Contrôler les ondes sismiques

Stéphane Brûlé pour sa part, sismologue de formation et ingénieur BTP chez Ménard, tombe par hasard sur les travaux de ses collègues marseillais. Enthousiasmé par l'idée, il propose de monter une expérience de terrain afin de valider le concept. Le dispositif mis en place à Grenoble est assez lourd. Plusieurs dizaines de trous de 32 cm de diamètre et 5 m de profondeur sont creusés à intervalles réguliers dans un grand rectangle (un terrain de badminton). Des dizaines de capteurs sismiques sont alors disposés sur une zone un peu plus grande. Un vibreur, qui émet 50 vibrations par seconde (50 hertz), est enfoncé dans le sol devant l'installation.
Les résultats, publiés dans la revue Physical Review Letters, sont très encourageants: les ondes sismiques artificielles sont clairement détournées par les différents puits créant une «bande interdite». «Ce n'est qu'une preuve de concept, mais cela montre que des inhomogénéités artificielles dans le sol permettent de contrôler la propagation des ondes», se félicite Stéphane Brûlé.
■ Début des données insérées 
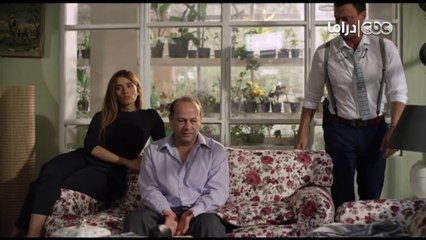 HD مسلسل إستيفا الحلقة 20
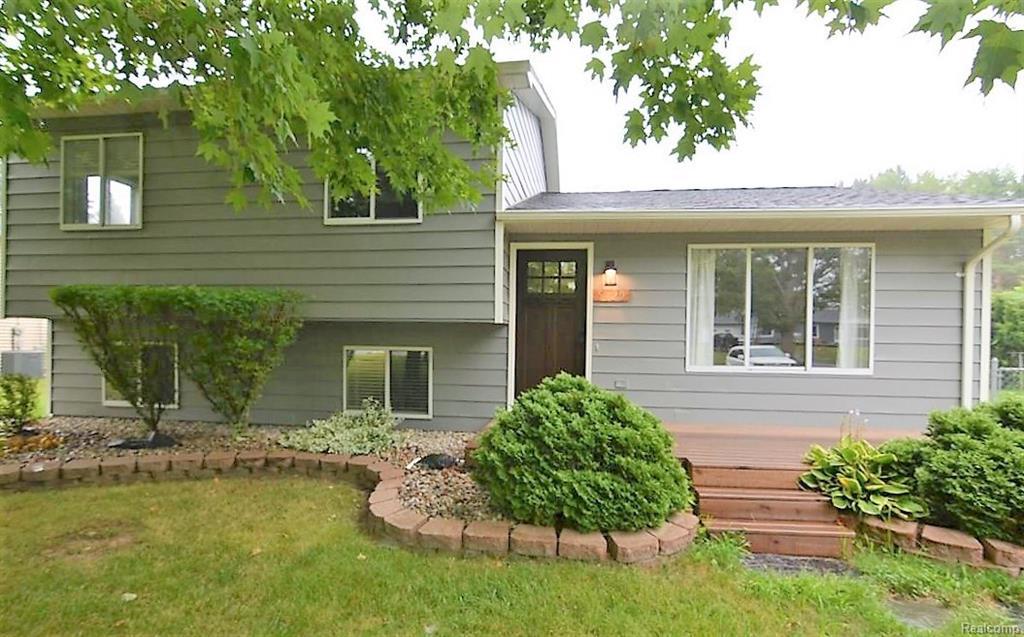 9420 Denton Hill Road - Photo 1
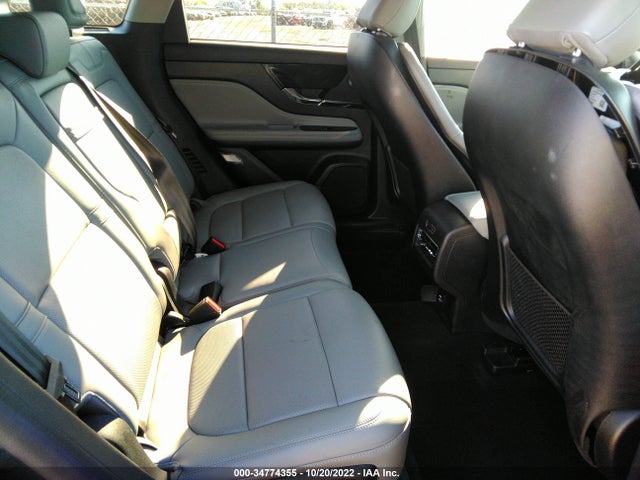 2021 Lincoln Corsair, VIN: 5LMCJ2C90MUL09085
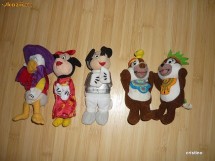 mascote Disney foto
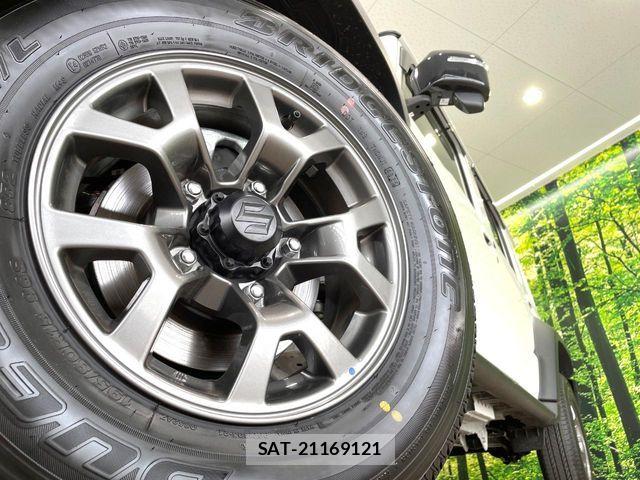 Suzuki JIMNY 2026-03 7220294-12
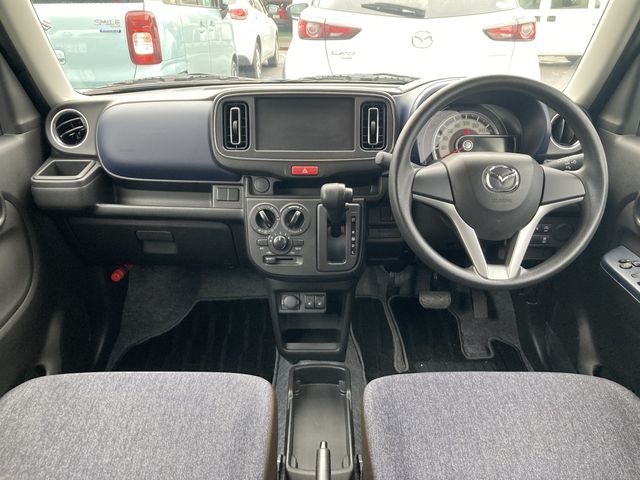 Mazda CAROL 2022-02 187062-5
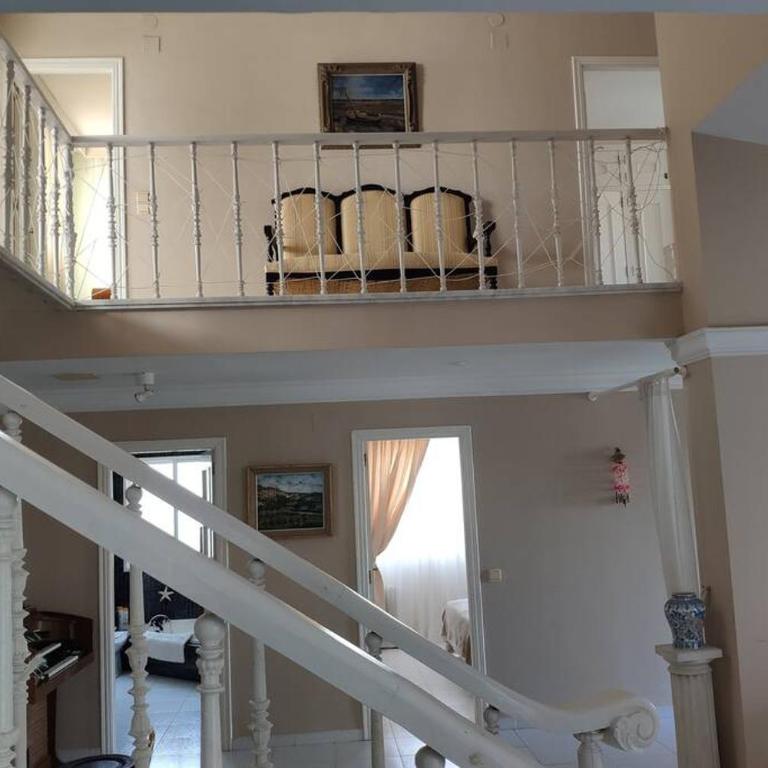 La Marina de Denia - Villa - 8
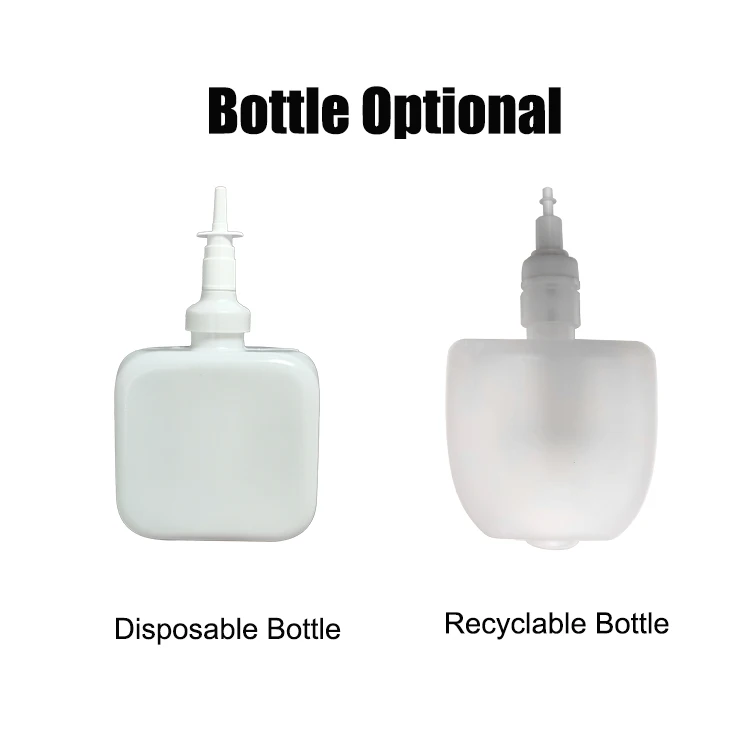 
Commercial Hotel Soap Dispenser Plastic 800Ml,Table Stand Alcohol Soap Dispenser Rechargeable 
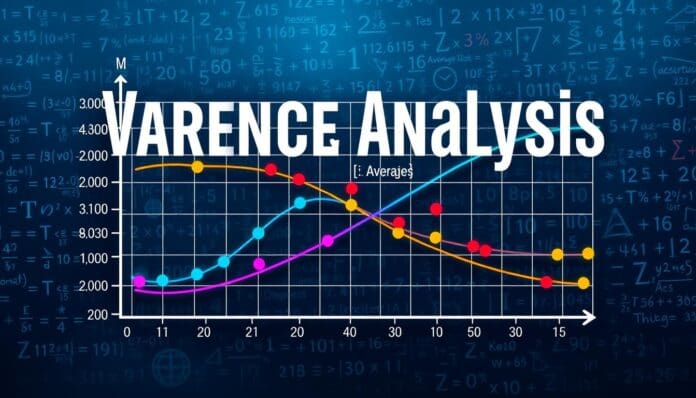 تحليل التباين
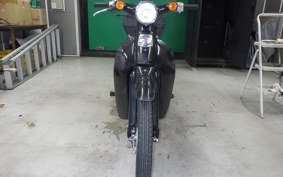 HONDA LITTLE CUB E AA01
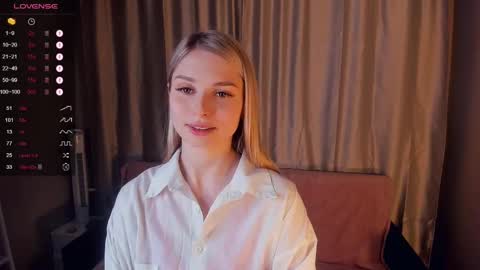 Alice - Birthday Girl online show from February 26, 2025, 8:22 pm
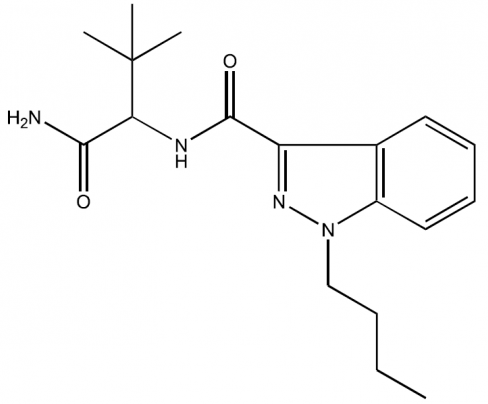 ADB-BUTINACA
Une invisibilité incomplète

Une autre expérience, menée à Lyon en 2012 - mais dont les résultats n'ont pas encore été publiés -, serait encore plus concluante. «Cette fois-ci, les trous étaient plus larges et disposés en arcs de cercle concentriques, raconte Sébastien Guenneau. C'est une configuration plus proche de ce que nous imaginons pour protéger des bâtiments.» C'est la chute d'un poids de plusieurs tonnes d'une hauteur de 20 mètres qui a simulé le séisme. «Les fréquences obtenues pour les ondes sismiques sont plus basses et plus proches de la réalité», souligne Stéphane Brûlé. La «cape antisismique» aurait parfaitement fonctionné.
Bien sûr, cette cape ne rend pas complètement invisible. «La Terre se soulève sous l'effet des ondes les plus longues, de taille kilométrique, rappelle Stéphane Brûlé. Celles-ci ne sont pas détournées, mais ce ne sont pas les plus dangereuses. En pratique, il faudra surtout protéger les bâtiments des fréquences avec lesquelles ils entrent en résonance. Généralement ce sont les ondes comprises entre 1 et 10 Hz.»
Une troisième expérience doit être menée fin 2014 dans une configuration quasi réelle afin de vérifier l'efficacité du dispositif pour l'intégralité de cette gamme de longueurs d'onde. Si cela fonctionne, les ingénieurs prendront le relais afin de trouver des applications concrètes. «Cela pourrait permettre de protéger des centrales nucléaires, des aéroports ou des bâtiments historiques pour lesquels il est compliqué de mettre en place des fondations antisismiques», note Sébastien Guenneau.
Le chercheur a réussi à se faire allouer 1,5 million d'euros sur 5 ans par le Conseil de recherche européen pour ses travaux. Il utilise une partie de cette enveloppe pour mettre au point des dispositifs antitsunamis fonctionnant sur le même principe. «Les installations de protection des digues sont déjà très encourageantes», estime-t-il.